En Europe, certains dirigeants politiques font eux aussi des propositions concrètes pour progresser sur la voie d'une égalité durable. Ainsi l'Alliance progressiste des socialistes et démocrates au Parlement européenreconnaît dans un rapport que "les inégalités sont un problème environnemental, au même titre que la dégradation de l'environnement est un problème social". Le rapport comporte un ensemble de recommandations pour réduire les émissions de gaz à effet de serre dans des secteurs clés tels que l'industrie lourde et l'agriculture, tout en aidant les groupes qui sont les plus touchés.
Par définition, toutes les mesures conçues dans le cadre d'une synergie sociale-écologique seront bénéfiques tant à la lutte contre les inégalités qu'à celle contre le réchauffement climatique, mais elles bénéficieront aussi à l'humanité dans son ensemble, au présent et au futur.
Nos sociétés seront plus justes si elles sont plus durables, et elles seront plus durables si elles sont plus justes. Les sociétés fragilisées socialement et politiquement par les inégalités sont mal préparées à faire face aux chocs liés au réchauffement climatique. Et l'environnement continuant à se détériorer, on peut s'attendre à une explosion d'injustices, nouvelles et anciennes.

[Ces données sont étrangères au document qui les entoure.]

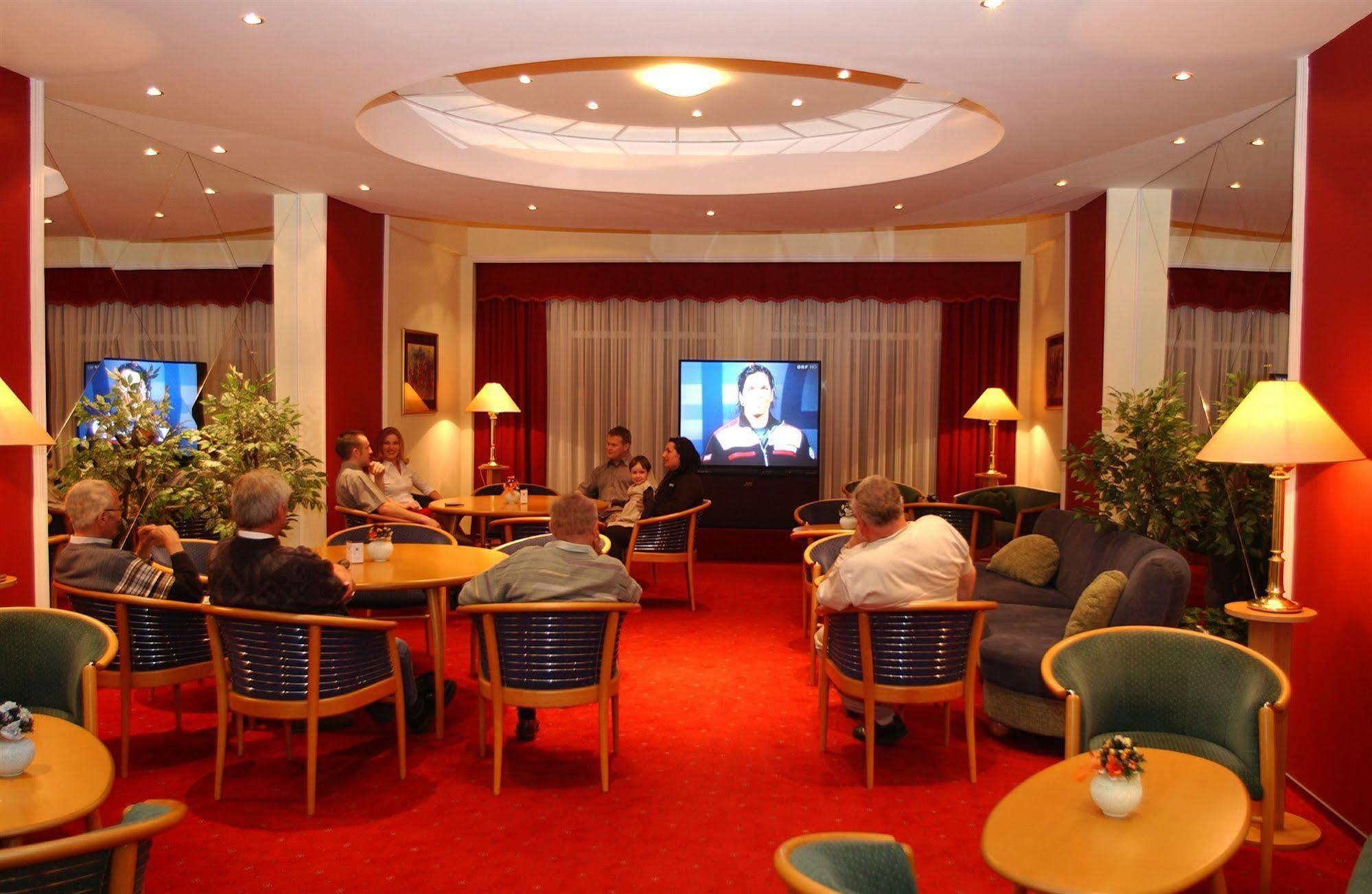 Hunguest Hotel Repce Buk Ngoại thất bức ảnh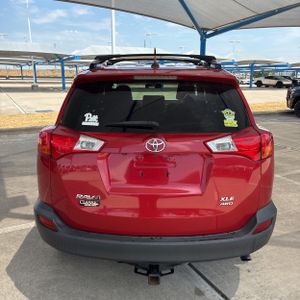 صورة 7 لـ 2014 Toyota RAV4 XLE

"Pourquoi devrais-je me préoccuper des prochaines générations ?", aurait dit Groucho Marx, "Qu'ont-elles fait pour moi ?". Le 15 mars, des jeunes du monde entier nous rappellent que cette question est discutable. Alors que notre dette à l'égard des prochaines générations croit, les jeunes demandent simplement que nous les aidions en nous aidant nous-mêmes.